It's easier to first calculate the Jacobian and then the Hessian. Hessian matrix is symmetrical along the diagonal.

* Det(H) or |H| > 0 means then the point is either minimum or maximum.<br>
* if the first term or upper left corner is positive then it is a minimum. <br>

# Multivariate Chain Rule
$f(x_1,x_2,x_3,...,x_n) = f(\mathbf x)$ and each function of x also a function of t. <br>

$\frac{\partial f}{\partial \mathbf x} = 
\begin{vmatrix}
\frac{\partial f}{\partial x_1} \\
\frac{\partial f}{\partial x_2} \\
\frac{\partial f}{\partial x_3} \\
\vdots \\
\frac{\partial f}{\partial x_n}
\end{vmatrix} = (J_f)^T \space
$
$\frac{d \mathbf x}{d t} = 
\begin{vmatrix}
\frac{d x_1}{d t} \\
\frac{d x_2}{d t} \\
\frac{d x_3}{d t} \\
\vdots \\
\frac{d x_4}{d t}
\end{vmatrix} \space
$
$\frac{d f}{d t} = \frac{\partial f}{\partial \mathbf x} . \frac{d \mathbf x}{d t} = J_f \frac{d \mathbf x}{d t} $ <br> <br>
$\frac{d f}{d t} = \frac{\partial f}{\partial \mathbf x} \frac{\partial \mathbf x}{\partial \mathbf u} \frac{d \mathbf x}{d t} = 
\begin{vmatrix}
\frac{\partial f}{\partial x_1} & \frac{\partial f}{\partial x_2}
\end{vmatrix} 
\begin{vmatrix}
\frac{\partial x_1}{\partial u_1} & \frac{\partial x_1}{\partial u_2} \\
\frac{\partial x_2}{\partial u_1} & \frac{\partial x_2}{\partial u_2}
\end{vmatrix} 
\begin{vmatrix}
\frac{d u_1}{d t} \\
\frac{d u_2}{d t}
\end{vmatrix}
$

### Simple Neural Networks
a => 'activity' <br>
w => 'weight' <br>
b => 'bias' <br>
$\sigma$ => 'activation function' (example tanh or sigmoid functions)

$a^{(1)} = \sigma(w a^{(0)} +b)$

Build more complex neural networks by adding more neurons:

$a^{(1)} = \sigma(w_0 a_0^{(0)} + w_1 a_1^{(1)} + b)$<br>
$a^{(1)} = \sigma((\sum_{j=0}^n w_j a^{(j)}) +b) = \sigma(\mathbf w . \mathbf a^{(0)} + b)$<br>
$\mathbf a^{(1)} = \sigma(\mathbf W^{(1)} . \mathbf a^{(0)} + \mathbf b^{(1)})$

Fully connected forward feed layer with hidden layers:
$\mathbf a^{(L)} = \sigma(\mathbf W^{(L)} . \mathbf a^{(L-1)} + \mathbf b^{(L)})$

Training a neural network is about teaching all the right weights and biases.

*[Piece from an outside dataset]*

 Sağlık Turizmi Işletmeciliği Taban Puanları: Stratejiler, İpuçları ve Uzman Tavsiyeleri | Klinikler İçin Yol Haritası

### Applying Multivariate Chain Rule to train a neural network
The classic training method is called back propagation because it looks first at the output neurons and then it works back through the network. However, we can then define a cost function, which is simply the sum of the squares of the differences between the desired output y, and the output that our untrained network currently gives us.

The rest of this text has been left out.